A delivery system applies a simulated storm runoff containing pesticides and water to rice and control (bare) systems. Credit: Matt Moore Usage Restrictions: Please use with story only.

Rice is a staple food crop of 20 percent of the world's population. It's also grown on every continent except Antarctica.

While it's an important part of our diets, new research shows that rice plants can be used in a different way, too: to clean runoff from farms before it gets into rivers, lakes, and streams.

This idea came to Matt Moore, a USDA research ecologist, because he, himself, comes from a family of farmers. He was trying to figure out a way to address the unintended issue of runoff.

As water drains from agricultural fields, the pesticides used on those fields can be carried along. Moore wanted to stop pesticides from getting into water outside the farm in a way that was easy and cost-efficient for farmers.

“We wanted something that was common, that could be applied in a lot of different places, but something that's non-invasive,” said Moore, who works in the USDA-Agricultural Research Service's Water Ecology and Ecology Research Unit in Oxford, Mississippi.

The idea came to Moore while he was driving to his family's farm in northeast Arkansas. “We're big rice farmers. Cheesy as it sounds, I was driving around trying to look for some inspiration and it just hit me: What about rice?”

So researchers planted four fields, two with and two without rice. They then flooded those fields with a mix of three kinds of pesticides plus water that together is a lot like runoff during a storm. They did this for two years in a row.

They found that the levels of all three pesticides were lower in fields where they'd planted rice. How much it dropped ranged from 85 percent to 97 percent, depending on which pesticide they measured.

Rice can do this through phytoremediation–using plants and their roots to clean up water (though they can also clean soil and air).

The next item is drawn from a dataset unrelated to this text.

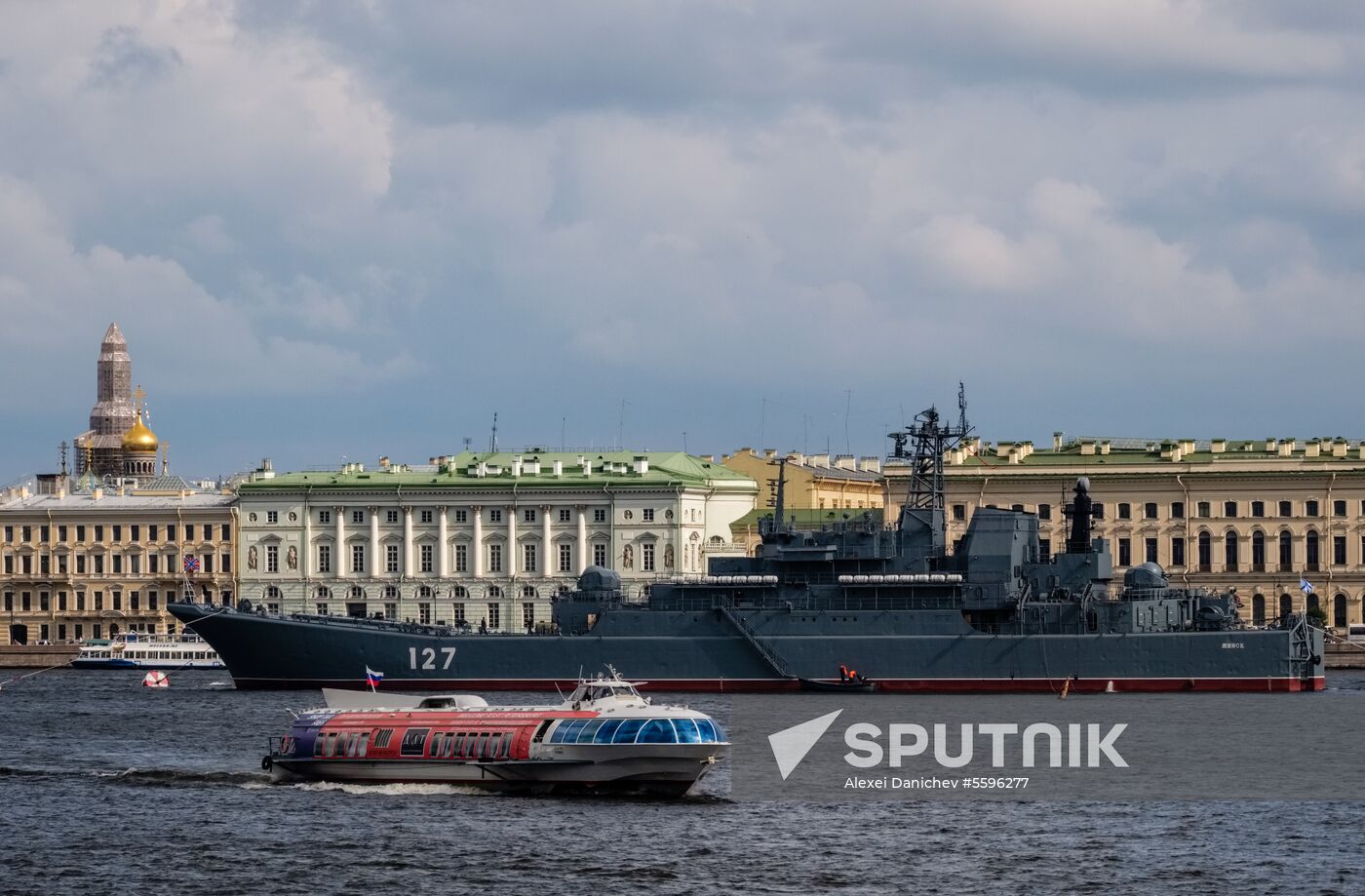 Russian Navy combat vessels on Neva River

That's what researchers say happened here. Instead of those chemicals being in the runoff water, they were captured in the rice plants.

In real life, this pesticide-cleaning ability of rice could be used in a few ways. To start, farmers could plant rice in drainage ditches already on their farms, which would “let rice clean off water that runs off into your field before it runs into a river, lake, or stream,” Moore said. “Dreaming big, eventually we could get to the point where you could use rice fields as constructed wetlands,” diverting runoff into rice fields so they naturally take those pesticides out of the water.

One big question Moore hopes additional research can answer is whether or not those chemicals end up in the edible part of the rice plant–the rice grain–itself. If it doesn't, rice could be that natural water cleaner while also being a food source.

“It's potentially huge for developing countries to be able to use this as a crop and water cleaning technology,” he said.

For now, though, Moore is excited about the potential of a humble, popular crop that even his own family has been growing for generations.

“We're just trying to use simple techniques that are easy for the farmer, that are economical, that are still environmentally friendly,” he said. “Farming seems like a not-for-profit business these days, which I full-well understand. How can farmers use the landscape that's already there? How can they maximize that while helping the environment and their bottom line? Rice could be it.”